→ Supplied material
· · · · ·

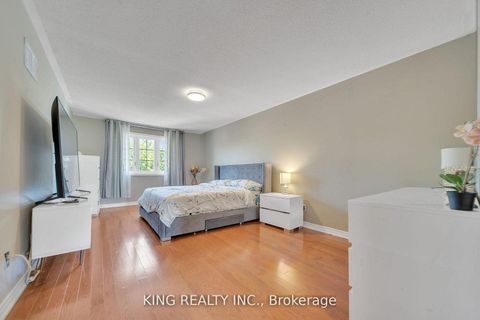 Photo 26 at 2606 Ambercroft Trail, Central Erin Mills, Mississauga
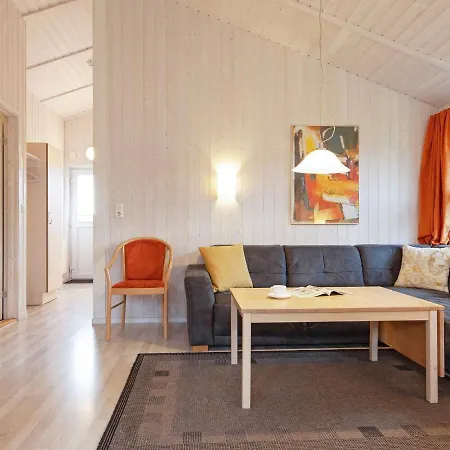 Three-bedroom In 18 * Groemitz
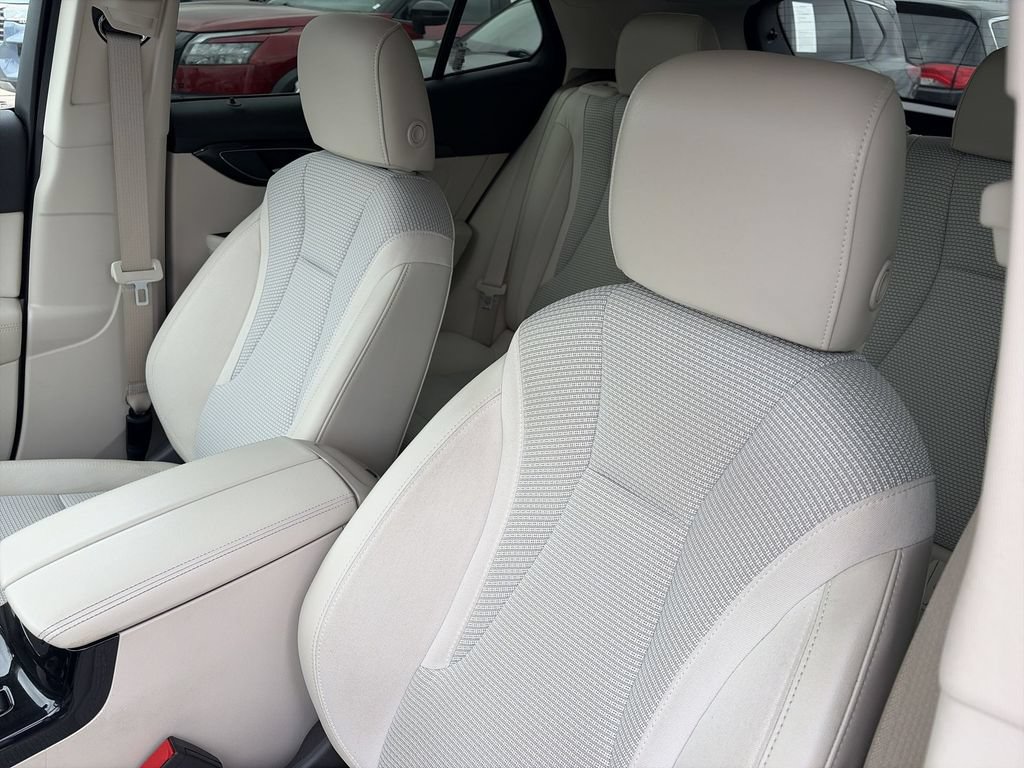 Used 2023 Buick Envision Preferred AWD/4WD image 11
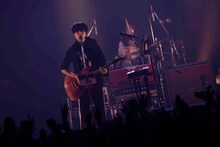 「ゲスの極み乙女。久しくシングル出してなかったから 何かシングル出す時の感覚忘れちゃったし、 ワンマンするのも何だから仲間を呼んだぜ！ あんまライブ無いから来てくれよな！PARTY」の様子。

· · · · ·

→ What is being asked
Write out, word for word, the line containing "Used 2023 Buick" and each line after it to the end of the data, and nothing more. Drop the pictures.

→ Exercise response
 Used 2023 Buick Envision Preferred AWD/4WD image 11
 「ゲスの極み乙女。久しくシングル出してなかったから 何かシングル出す時の感覚忘れちゃったし、 ワンマンするのも何だから仲間を呼んだぜ！ あんまライブ無いから来てくれよな！PARTY」の様子。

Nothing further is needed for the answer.